The full Forsyth County sheriff’s debate can be viewed at facebook.com/forsythcountynews.
FORSYTH COUNTY — The two candidates for Forsyth County sheriff squared off before a capacity crowd Wednesday night in the county commission’s meeting room.
Though each camp likely will claim victory in the debate, it is safe to say no love was lost between incumbent Sheriff Duane Piper and challenger Ron Freeman.
The debate was the last in a series put on by the Forsyth County Republican Party that covered races for county commission and school board, as well as coroner, ahead of the May 24 GOP primary. As there are no Democrats running for sheriff, the winner will be decided next month.
B.J. Van Gundy, former chair of the Gwinnett County GOP and former vice chair of the Georgia GOP, moderated the debate. He asked questions that covered the sheriff’s budget, the local war on drugs, school safety and agency accreditation.
During his tenure, Piper said the agency has been successful in opening two new buildings, keeping the county among the safest in metro Atlanta and restructuring the office to cut the budget by $4.1 million in the first year.
He said his spending has been under budget every year compared to 2012, which was the last his predecessor, Ted Paxton, was in office. This year, Piper said he will be about dollar-for-dollar with 2012.
Freeman, who has lived in Forsyth most of his life and worked for the agency for more than 25 years until 2013, questioned Piper’s budget, saying he actually went over by $6 million.
He contended the money is still being spent but is listed in a different place in the county budget. To help reduce spending, Freeman said he would hire part-time deputies to cover security duties.
Piper maintained that Freeman’s plans to put a resource officer in every school instead of having them cover multiple campuses would be a huge cost increase.
The candidates also disagreed on their plan to fight drug trafficking and distribution.
Freeman said there are two narcotics officers on the active roster and that he would work with surrounding agencies to fight the problem of drugs coming in.
Piper countered that there are six narcotics officers in the agency and that he has implemented cross-training of deputies so they don’t just have one specialization.
Freeman responded by saying he would take deputies from “overinflated units” and move them to narcotics.
Another major source of dissention came from the agency dropping its national accreditation status from the Commission on Accreditation for Law Enforcement Agencies.

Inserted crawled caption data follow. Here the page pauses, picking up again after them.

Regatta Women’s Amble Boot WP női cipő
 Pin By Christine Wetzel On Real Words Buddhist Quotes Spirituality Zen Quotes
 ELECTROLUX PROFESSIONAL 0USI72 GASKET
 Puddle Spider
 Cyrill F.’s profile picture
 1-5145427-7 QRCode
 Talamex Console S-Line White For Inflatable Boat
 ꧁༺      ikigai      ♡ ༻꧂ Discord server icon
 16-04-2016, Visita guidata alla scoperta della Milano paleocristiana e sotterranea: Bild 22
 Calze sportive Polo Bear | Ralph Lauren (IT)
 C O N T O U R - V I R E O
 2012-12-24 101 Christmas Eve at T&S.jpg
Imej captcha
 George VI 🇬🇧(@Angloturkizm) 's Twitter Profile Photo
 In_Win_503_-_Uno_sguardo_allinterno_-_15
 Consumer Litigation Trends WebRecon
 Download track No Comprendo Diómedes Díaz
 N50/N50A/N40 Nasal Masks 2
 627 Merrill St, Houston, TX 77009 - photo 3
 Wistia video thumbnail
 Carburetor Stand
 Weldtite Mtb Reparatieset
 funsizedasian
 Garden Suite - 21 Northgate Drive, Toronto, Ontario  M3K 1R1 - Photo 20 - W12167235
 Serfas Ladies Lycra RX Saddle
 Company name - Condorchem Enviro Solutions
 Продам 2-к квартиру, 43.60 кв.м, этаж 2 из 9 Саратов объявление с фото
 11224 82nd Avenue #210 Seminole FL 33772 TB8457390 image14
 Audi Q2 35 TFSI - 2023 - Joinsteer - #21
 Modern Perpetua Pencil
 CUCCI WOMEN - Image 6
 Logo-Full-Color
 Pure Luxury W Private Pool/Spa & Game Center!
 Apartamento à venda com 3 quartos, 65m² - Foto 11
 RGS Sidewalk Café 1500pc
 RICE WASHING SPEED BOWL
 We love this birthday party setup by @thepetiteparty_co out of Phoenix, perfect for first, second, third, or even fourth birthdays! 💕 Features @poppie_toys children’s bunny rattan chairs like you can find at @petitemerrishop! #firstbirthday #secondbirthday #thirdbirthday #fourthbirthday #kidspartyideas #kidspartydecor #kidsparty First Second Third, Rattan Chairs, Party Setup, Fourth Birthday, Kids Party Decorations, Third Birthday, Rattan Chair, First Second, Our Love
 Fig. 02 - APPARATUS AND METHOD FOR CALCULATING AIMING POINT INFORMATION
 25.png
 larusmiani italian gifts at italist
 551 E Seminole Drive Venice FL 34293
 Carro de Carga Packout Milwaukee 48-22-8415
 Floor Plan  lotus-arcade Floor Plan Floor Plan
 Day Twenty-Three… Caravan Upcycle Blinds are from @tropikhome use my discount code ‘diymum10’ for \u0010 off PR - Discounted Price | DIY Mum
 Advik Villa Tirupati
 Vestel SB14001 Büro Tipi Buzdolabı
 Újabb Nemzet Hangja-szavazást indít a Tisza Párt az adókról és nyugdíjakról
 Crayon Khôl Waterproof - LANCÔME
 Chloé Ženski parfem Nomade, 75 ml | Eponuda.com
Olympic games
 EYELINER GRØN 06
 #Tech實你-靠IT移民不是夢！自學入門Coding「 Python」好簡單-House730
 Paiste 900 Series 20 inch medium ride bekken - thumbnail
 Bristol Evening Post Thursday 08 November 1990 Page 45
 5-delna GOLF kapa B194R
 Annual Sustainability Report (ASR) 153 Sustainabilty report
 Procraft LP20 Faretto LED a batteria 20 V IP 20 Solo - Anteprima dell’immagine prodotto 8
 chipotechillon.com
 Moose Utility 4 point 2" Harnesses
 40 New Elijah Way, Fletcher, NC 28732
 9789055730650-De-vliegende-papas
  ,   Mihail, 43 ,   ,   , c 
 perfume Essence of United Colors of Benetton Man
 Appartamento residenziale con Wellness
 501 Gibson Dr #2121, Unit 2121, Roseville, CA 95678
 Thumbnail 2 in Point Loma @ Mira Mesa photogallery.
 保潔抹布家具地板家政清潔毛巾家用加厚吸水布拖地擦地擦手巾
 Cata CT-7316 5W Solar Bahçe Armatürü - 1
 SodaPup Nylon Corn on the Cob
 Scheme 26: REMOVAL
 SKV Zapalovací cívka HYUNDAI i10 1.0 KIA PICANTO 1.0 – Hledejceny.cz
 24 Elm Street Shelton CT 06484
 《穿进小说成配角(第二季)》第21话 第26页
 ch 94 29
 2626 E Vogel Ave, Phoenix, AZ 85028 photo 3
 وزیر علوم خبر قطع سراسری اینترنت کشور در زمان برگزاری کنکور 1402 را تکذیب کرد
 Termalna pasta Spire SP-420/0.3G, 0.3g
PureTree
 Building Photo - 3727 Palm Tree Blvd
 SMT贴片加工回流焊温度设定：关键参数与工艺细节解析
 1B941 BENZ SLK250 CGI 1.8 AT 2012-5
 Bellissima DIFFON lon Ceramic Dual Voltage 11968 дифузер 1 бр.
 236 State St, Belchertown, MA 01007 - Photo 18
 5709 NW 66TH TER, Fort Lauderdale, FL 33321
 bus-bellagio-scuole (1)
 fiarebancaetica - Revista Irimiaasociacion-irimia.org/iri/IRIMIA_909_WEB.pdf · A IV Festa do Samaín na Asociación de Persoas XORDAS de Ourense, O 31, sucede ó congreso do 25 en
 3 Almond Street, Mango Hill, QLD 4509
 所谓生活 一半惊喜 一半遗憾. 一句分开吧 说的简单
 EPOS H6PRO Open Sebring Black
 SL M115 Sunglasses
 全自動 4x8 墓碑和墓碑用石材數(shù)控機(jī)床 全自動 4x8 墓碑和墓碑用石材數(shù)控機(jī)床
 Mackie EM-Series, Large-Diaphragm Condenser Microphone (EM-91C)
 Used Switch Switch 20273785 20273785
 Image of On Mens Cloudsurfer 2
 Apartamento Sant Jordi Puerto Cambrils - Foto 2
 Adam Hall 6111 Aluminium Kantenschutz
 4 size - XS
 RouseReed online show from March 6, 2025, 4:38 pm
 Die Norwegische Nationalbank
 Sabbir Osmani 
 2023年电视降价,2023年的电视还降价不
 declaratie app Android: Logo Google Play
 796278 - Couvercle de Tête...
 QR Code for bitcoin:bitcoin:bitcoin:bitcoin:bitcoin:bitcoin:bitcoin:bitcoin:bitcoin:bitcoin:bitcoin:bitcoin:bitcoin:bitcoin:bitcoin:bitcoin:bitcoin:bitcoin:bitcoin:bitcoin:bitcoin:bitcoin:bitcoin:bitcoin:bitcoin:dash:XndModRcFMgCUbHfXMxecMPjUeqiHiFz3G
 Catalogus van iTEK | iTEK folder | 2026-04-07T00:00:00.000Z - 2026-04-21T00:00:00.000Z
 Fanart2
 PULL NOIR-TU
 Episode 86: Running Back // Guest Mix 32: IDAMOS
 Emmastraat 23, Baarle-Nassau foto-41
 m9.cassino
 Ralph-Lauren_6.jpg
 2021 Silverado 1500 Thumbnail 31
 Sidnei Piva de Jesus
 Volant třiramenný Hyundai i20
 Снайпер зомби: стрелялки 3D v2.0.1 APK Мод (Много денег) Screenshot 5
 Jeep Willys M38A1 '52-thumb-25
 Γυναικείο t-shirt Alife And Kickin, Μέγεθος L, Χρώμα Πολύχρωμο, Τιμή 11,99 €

The commission is a private organization that awards levels of standards to law enforcement agencies throughout the country.
Piper maintained the decision was a voluntary one made with financial backing to help the budget.
The sheriff’s office is still accredited by the Georgia Association of Chiefs of Police, which he said is much less expensive and mirrors most of the standards of the national level.
“It’s one of the better financial decisions I’ve made since taking office,” Piper said.
Freeman countered by saying the pullout was not voluntary but that the agency had failed the standards and no longer has its “blue-ribbon seal of approval.”
“National accreditation is putting our walk with our talk,” Freeman said.
At the end of the hour-long debate, each candidate had the opportunity to ask the other a question.
Though Piper declined to do so, Freeman asked about his opponent’s 2012 campaign promises, about half of which Piper confirmed he upheld.
About the only issues on which the two agreed were for Second Amendment and conceal carry rights and against the declassification or legalization of marijuana.
Early voting begins May 2. Anyone county resident can vote in this race.